━━━━━ Provided data ━━━━━

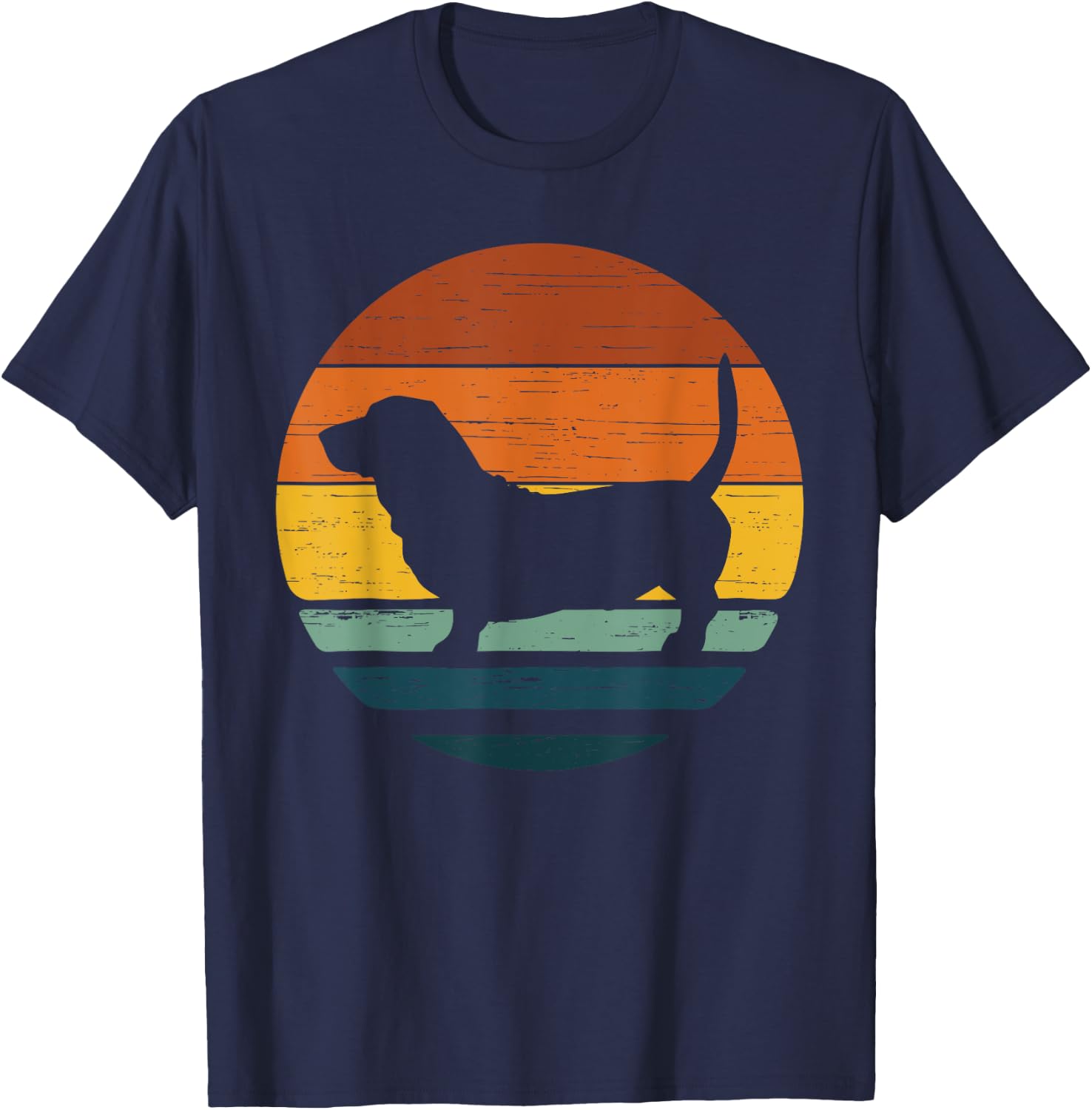 Bassador Vintage Retro Mom Dad Dog Women Girls Kids T-Shirt - T-Shirt | Navy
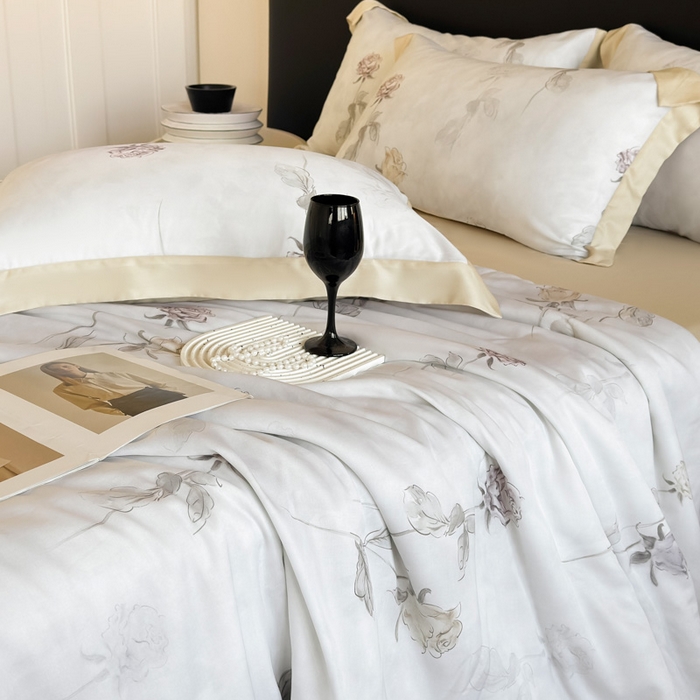 91家纺网 家纺一手货源 找家纺 梵克保罗 2026新款简约莱赛尔夏被夏凉被空调被 玫瑰絮语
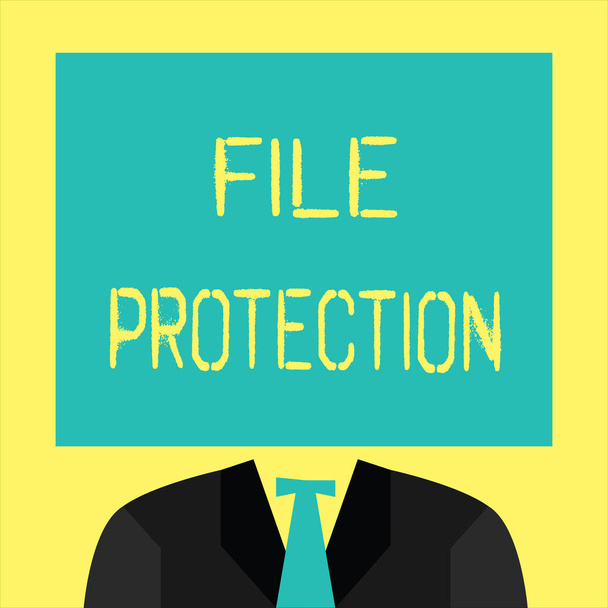 Text sign showing File Protection. Conceptual photo Preventing accidental erasing of data using storage medium - Photo, Image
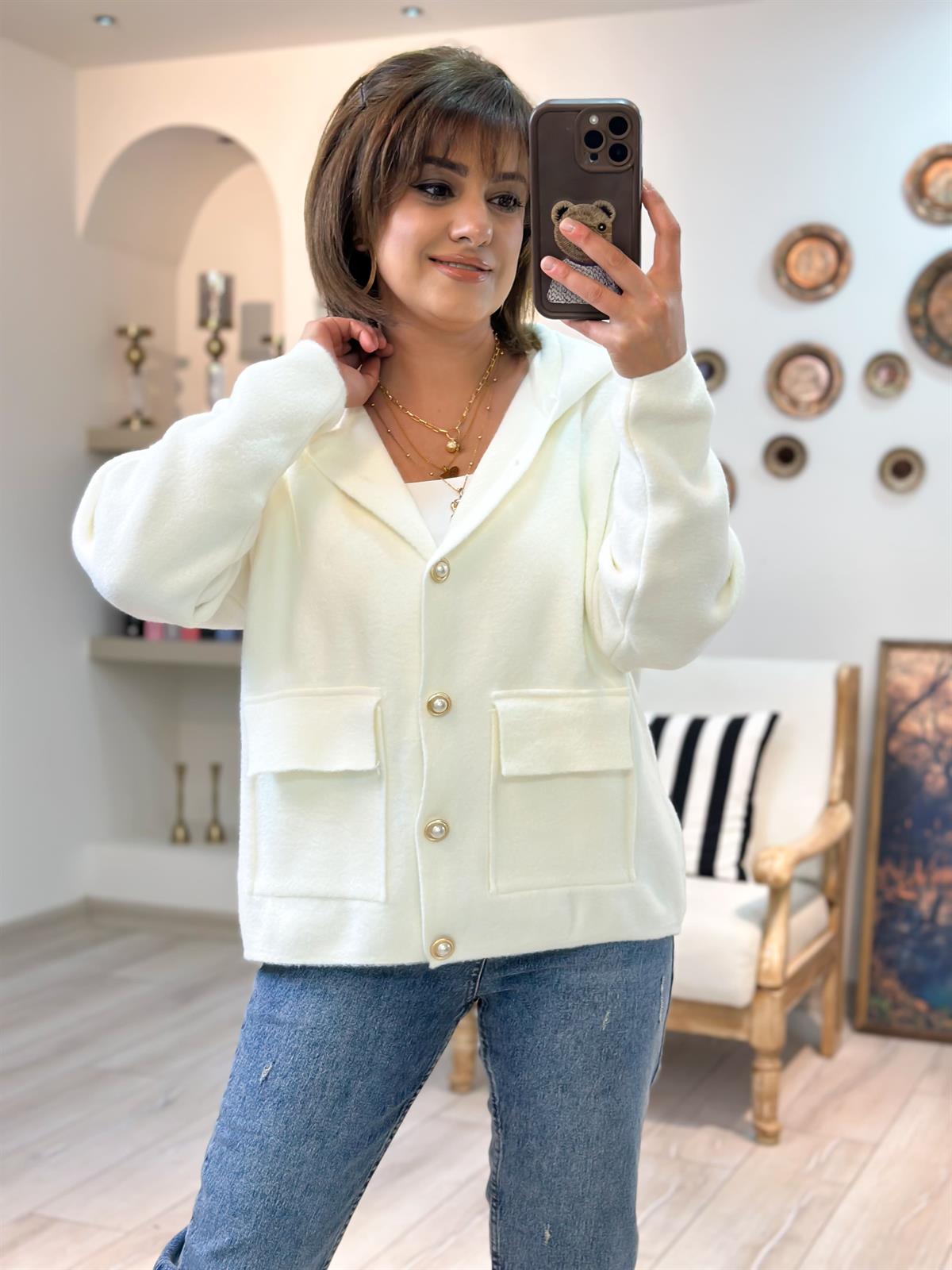 İnci Düğme Detaylı Cepli Hırka BEYAZ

━━━━━

▶ [What is being asked]
Nothing but the text of the listing should be set down, exactly, with the pictures left behind.

▶ [Result for this task]
 Bassador Vintage Retro Mom Dad Dog Women Girls Kids T-Shirt - T-Shirt | Navy
 91家纺网 家纺一手货源 找家纺 梵克保罗 2026新款简约莱赛尔夏被夏凉被空调被 玫瑰絮语
 Text sign showing File Protection. Conceptual photo Preventing accidental erasing of data using storage medium - Photo, Image
 İnci Düğme Detaylı Cepli Hırka BEYAZ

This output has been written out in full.